● **Source material**:
-.-.-
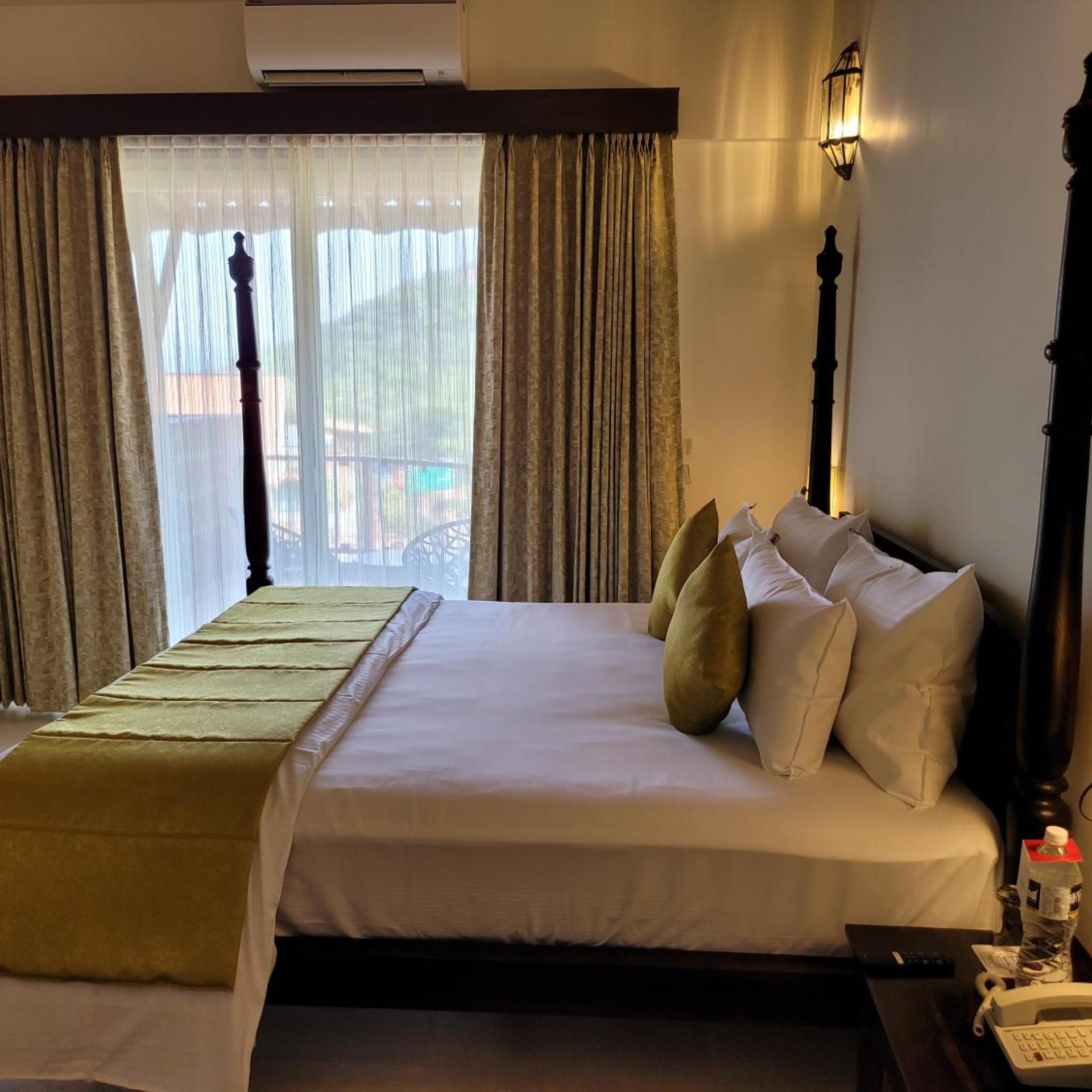 استوديو بسرير كينج، Mastiff Grand La Villae Resort, Lonavala 5/6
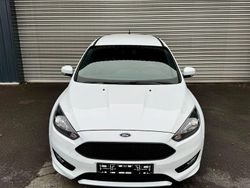 Weiß Gebraucht 2018 Ford Focus ST-Line Kombi | 11.299 € (Fairer Preis)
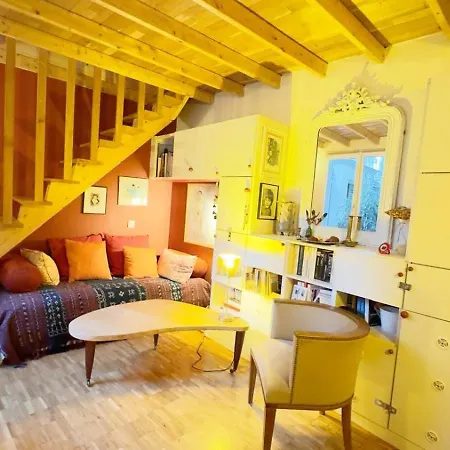 Small Duplex House In Batignolles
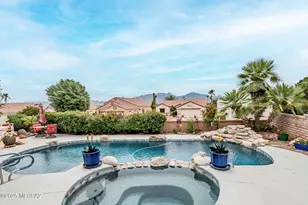 2723 S Chipshot Dr, Green Valley, AZ 85614 - Photo 1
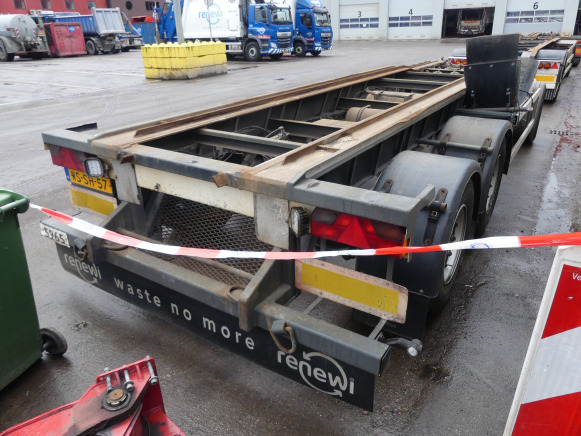 REF:WS-SH-57 - Remorque porte container GS Meppel ALC-2700N - ناقل حاوية/ مقطورة بحاوية: صورة 3 REF:WS-SH-57 - Remorque porte container GS Meppel ALC-2700N - ناقل حاوية/ مقطورة بحاوية: صورة 3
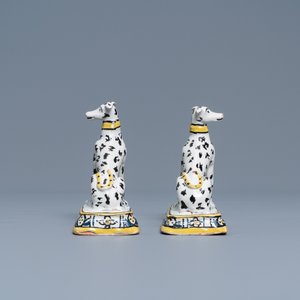 Une paire de modèles de lévriers en faïence polychrome de Bruxelles, vers 1800 — photo 5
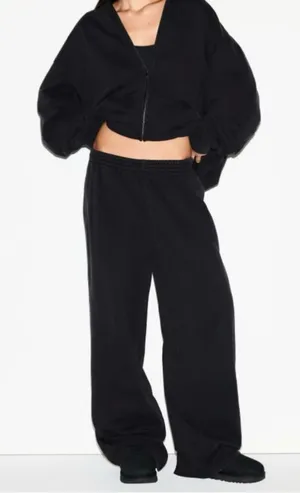 Skims (Gar) Boyfriend Fleece Baggy Sweatpant | Color WASHED ONYX | Size XS thumbnail 1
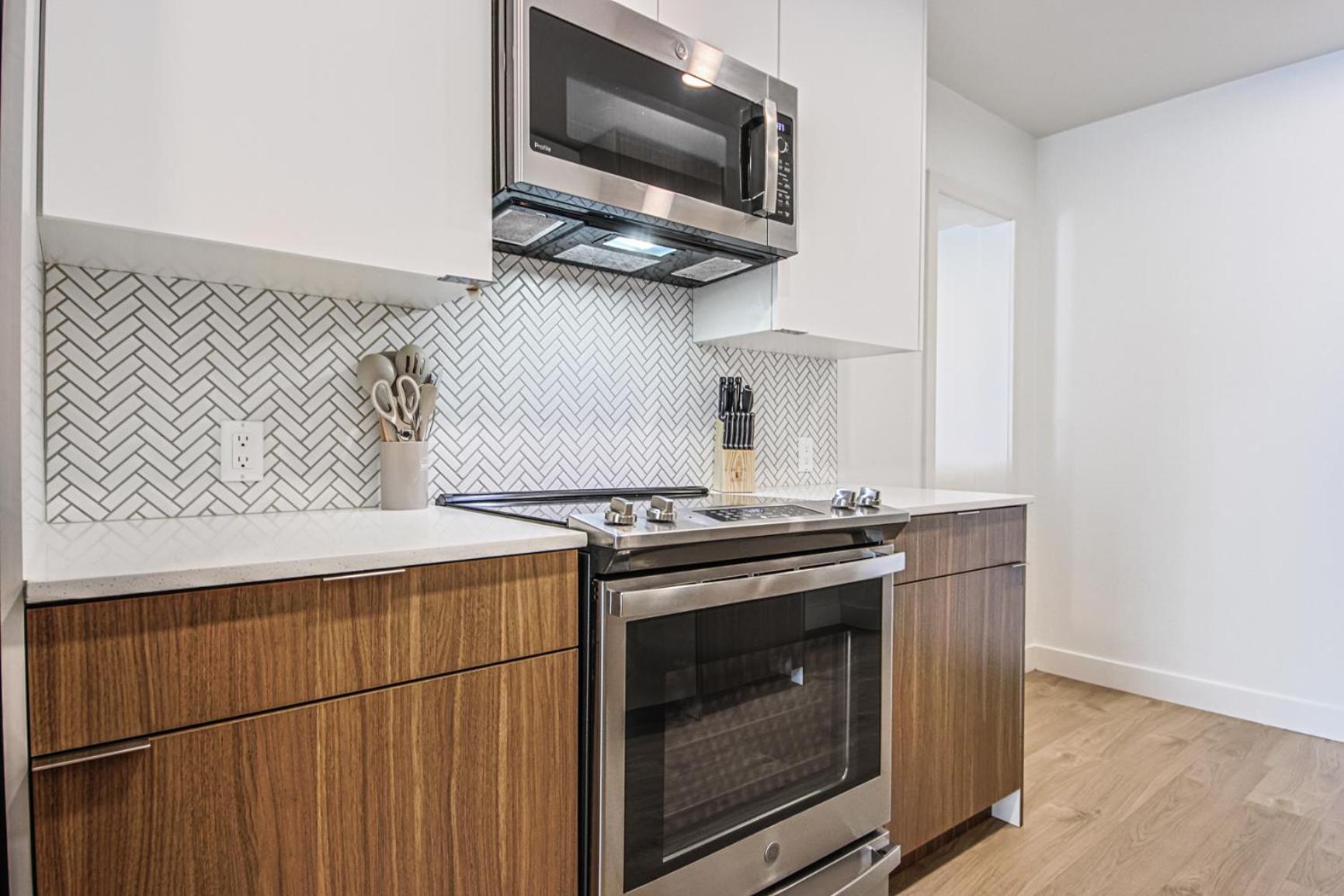 Bright & Airy 2 Bed 2 Bath Haven Apartment *
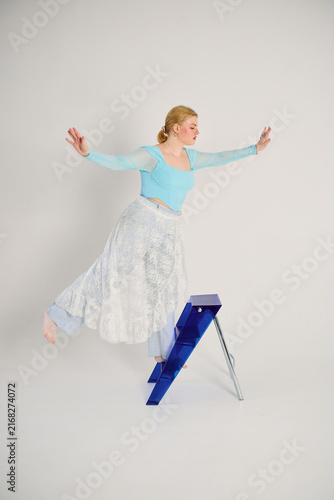 Obraz na płótnie Bright minimalist studio hosts woman with lace skirt performing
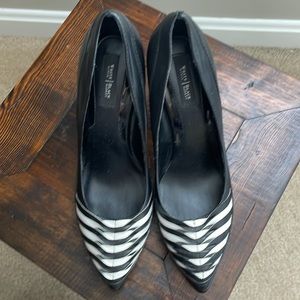 White House Black Market Scarlett black leather pumps size 7.5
-.-.-
● **What you should do**:
The lines to repeat run from the line containing "Weiß Gebraucht 2018" through the end of the listing above, both included; give them exactly and without pictures.

● **Solution to this task**:
 Weiß Gebraucht 2018 Ford Focus ST-Line Kombi | 11.299 € (Fairer Preis)
 Small Duplex House In Batignolles
 2723 S Chipshot Dr, Green Valley, AZ 85614 - Photo 1
 REF:WS-SH-57 - Remorque porte container GS Meppel ALC-2700N - ناقل حاوية/ مقطورة بحاوية: صورة 3 REF:WS-SH-57 - Remorque porte container GS Meppel ALC-2700N - ناقل حاوية/ مقطورة بحاوية: صورة 3
 Une paire de modèles de lévriers en faïence polychrome de Bruxelles, vers 1800 — photo 5
 Skims (Gar) Boyfriend Fleece Baggy Sweatpant | Color WASHED ONYX | Size XS thumbnail 1
 Bright & Airy 2 Bed 2 Bath Haven Apartment *
 Obraz na płótnie Bright minimalist studio hosts woman with lace skirt performing
 White House Black Market Scarlett black leather pumps size 7.5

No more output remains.